Here, the use of histoflow cytometry is described, a technique that has been validated previously18. It is demonstrated that when staining tissue sections with spectrally overlapping dyes, that bleed-through across channels can be removed using spectral compensation, resulting in a greater number of fluorescent parameters being clearly resolved than would normally be possible through conventional methods. As high-parameter histology images are difficult to analyze using conventional methods, an analysis pipeline is provided to segment individual cells from these images. By exporting the fluorescent signatures from these individual cells, it is demonstrated that single-cell analyses like those conducted in flow cytometry can similarly be applied to histology images. Whereas flow cytometry does not include spatial analysis, it is demonstrated that histoflow cytometry can map populations identified by gating strategies back onto tissue sections to evaluate their spatial localization. Overall, it is demonstrated that histoflow cytometry combines the strengths of flow cytometry and histology.

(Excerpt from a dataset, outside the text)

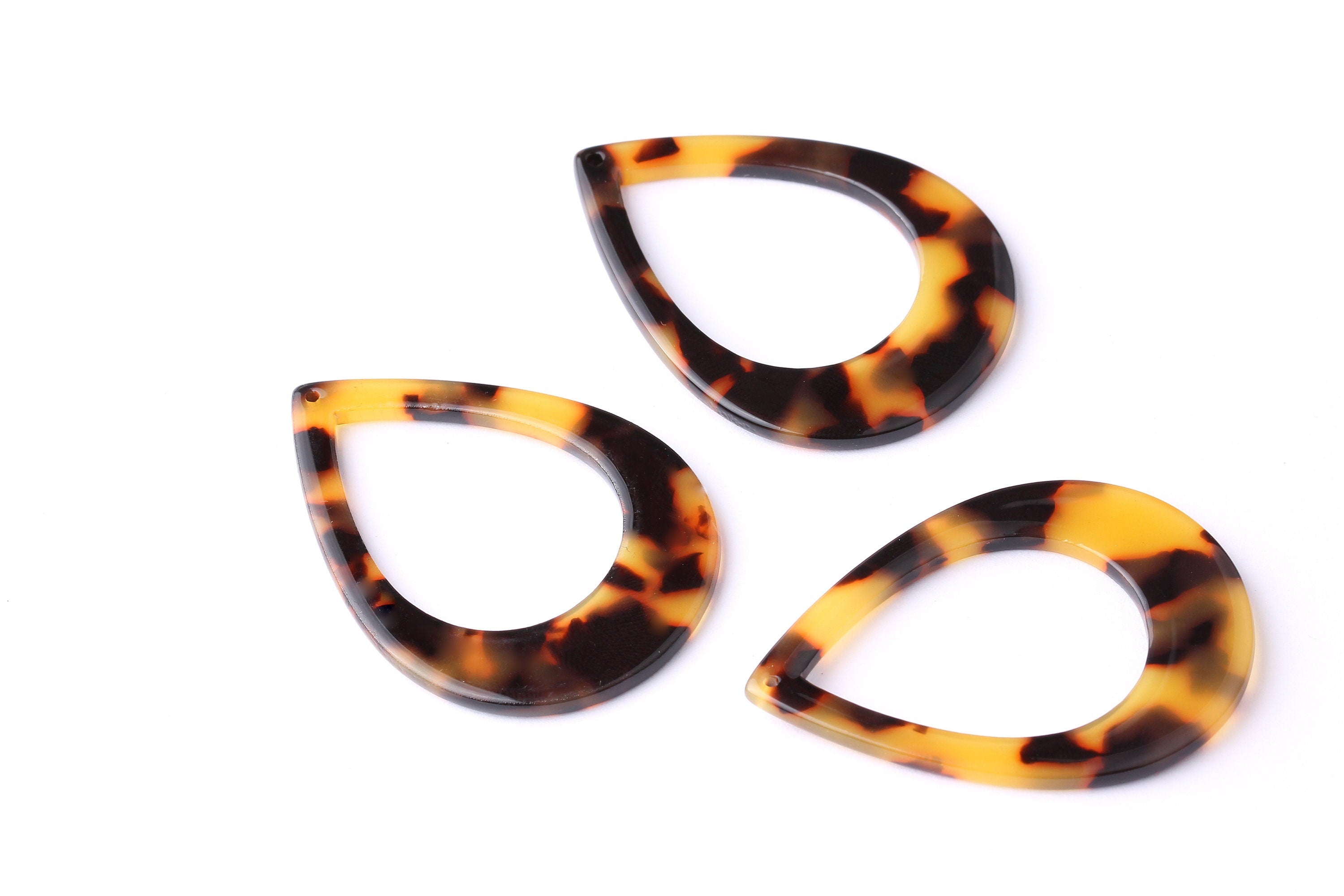 Acetate Drop Charms - Tortoise Shell Earrings - Drop Earrings and Pendant - Jewelry Making Supplies - Color Code: A01 - 46x33x2.5mm- AC1022C - DOMEDBAZAAR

While histoflow cytometry has the benefit of retaining spatial information, it also has many of the same limitations that conventional histology has. While flow cytometry is great for quantifying cells across an entire tissue, histology is typically conducted by analyzing a small sample of tissue sections that are taken to be representative of the tissue. For histology to accurately quantify the number of cells in a tissue, one would need to image every tissue slice taken from the tissue and quantify the number of cells in each, which would be impractical. Another issue is that some cells will be split in half during the sectioning of the tissue, and there is no way to reconstruct these cells. Indeed, a limitation of the protocol listed here is that it does not include any methods to exclude cells at the edges of the tissue. Despite these limitations, one advantage histoflow cytometry has over flow cytometry is that there is no need to dissociate tissues into single-cell suspensions, which can introduce biases into the populations that are isolated or are inadequately captured22. Thus, while histoflow cytometry has several advantages over conventional flow cytometry, obtaining measurements across the entire tissue will continue to be a challenge.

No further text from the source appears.